◆ Required work
No pictures, nothing altered: return the data below.

◆ Data excerpt
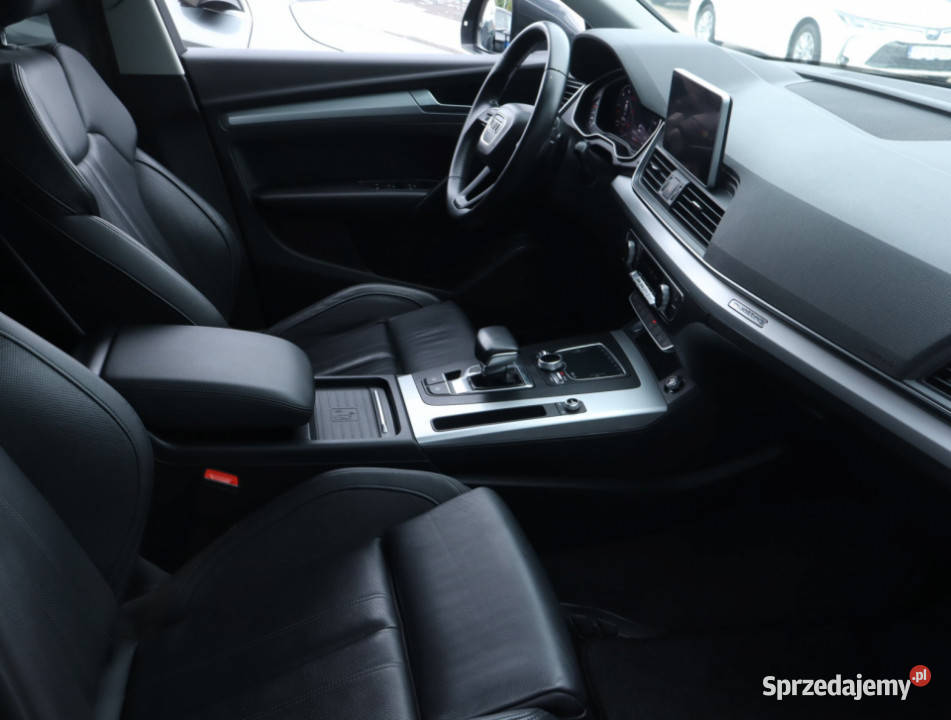 Audi Q5 30 TDI gniazdo USB Piaseczno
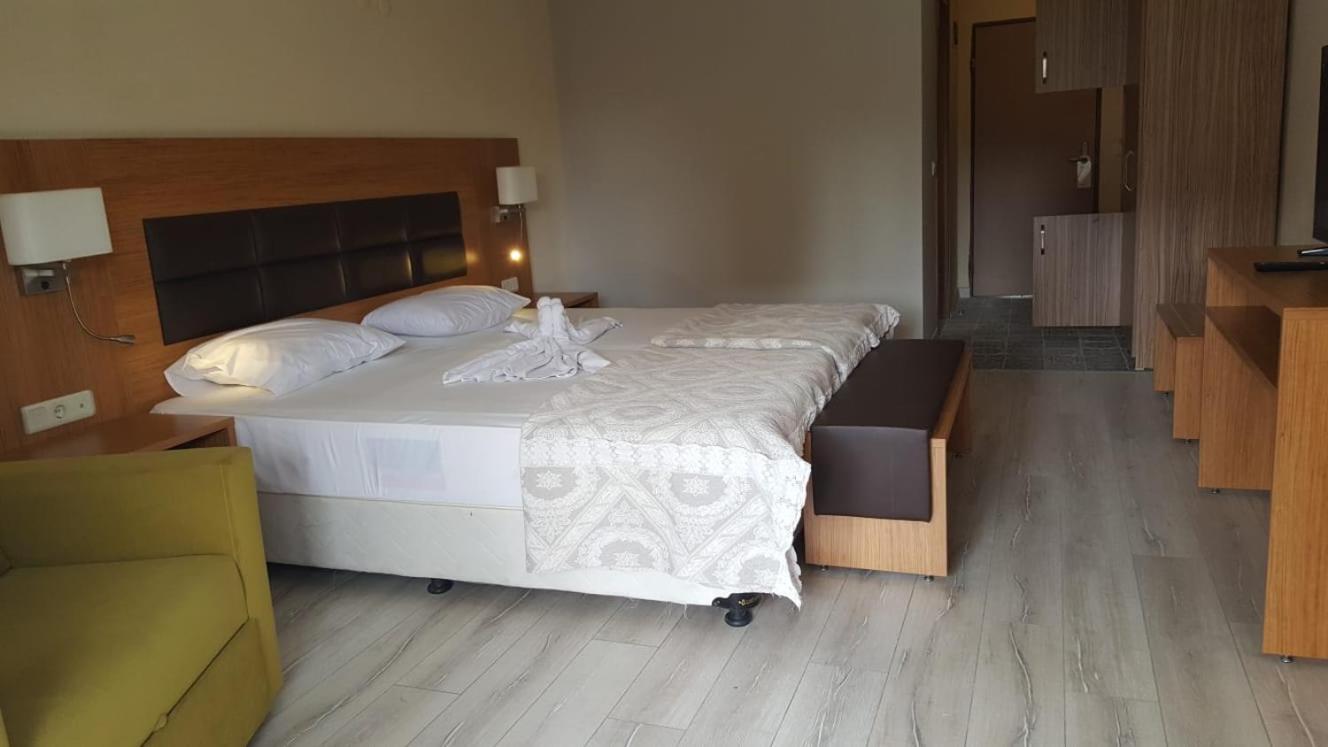 Begonville Otel - Image 85
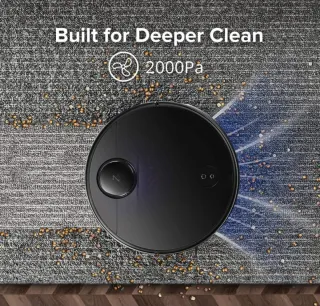 Aspirapolvere robot Xiaomi Roborock S4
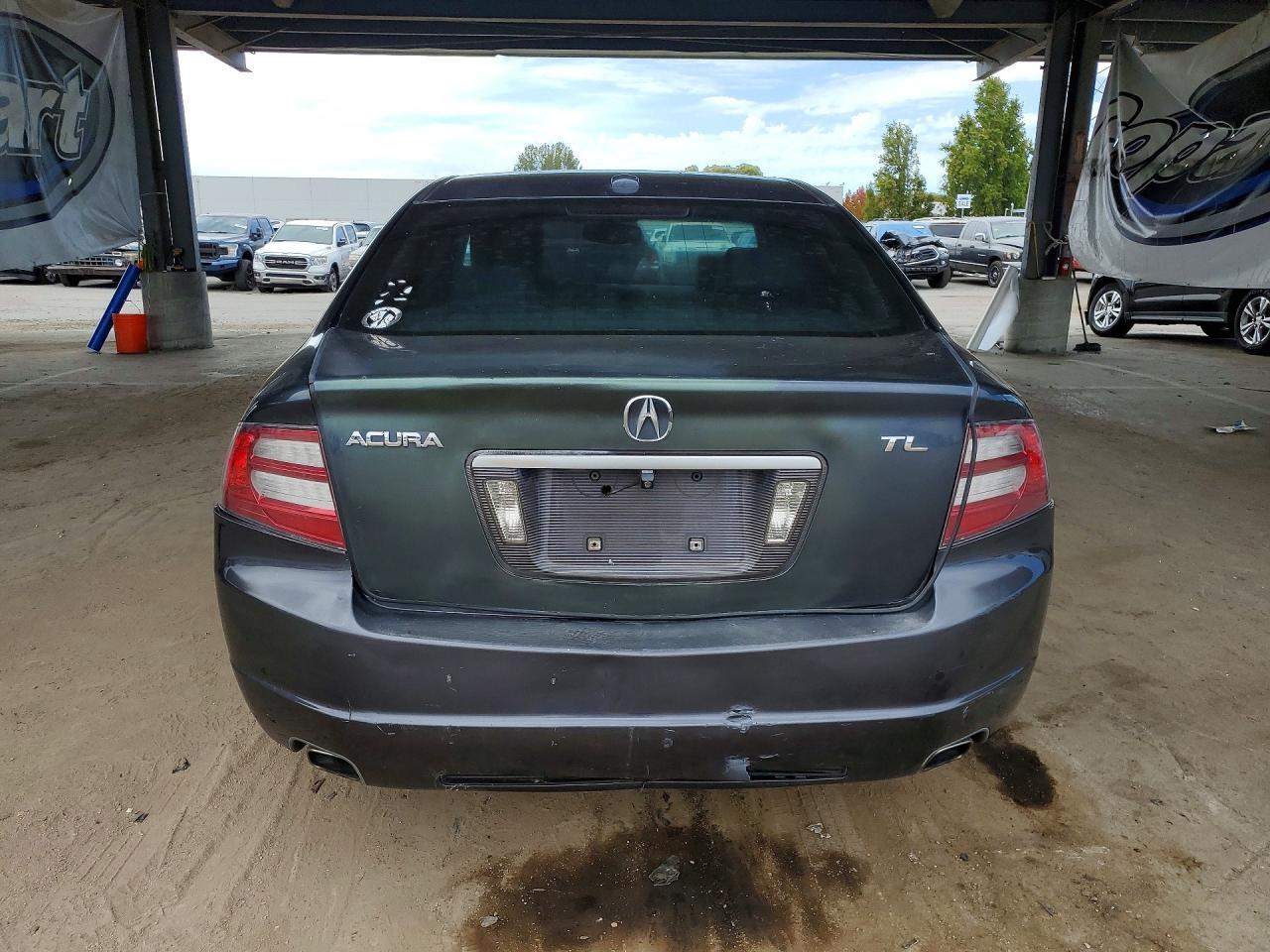 2007 Acura Tl - Фото 6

◆ Your solution
 Audi Q5 30 TDI gniazdo USB Piaseczno
 Begonville Otel - Image 85
 Aspirapolvere robot Xiaomi Roborock S4
 2007 Acura Tl - Фото 6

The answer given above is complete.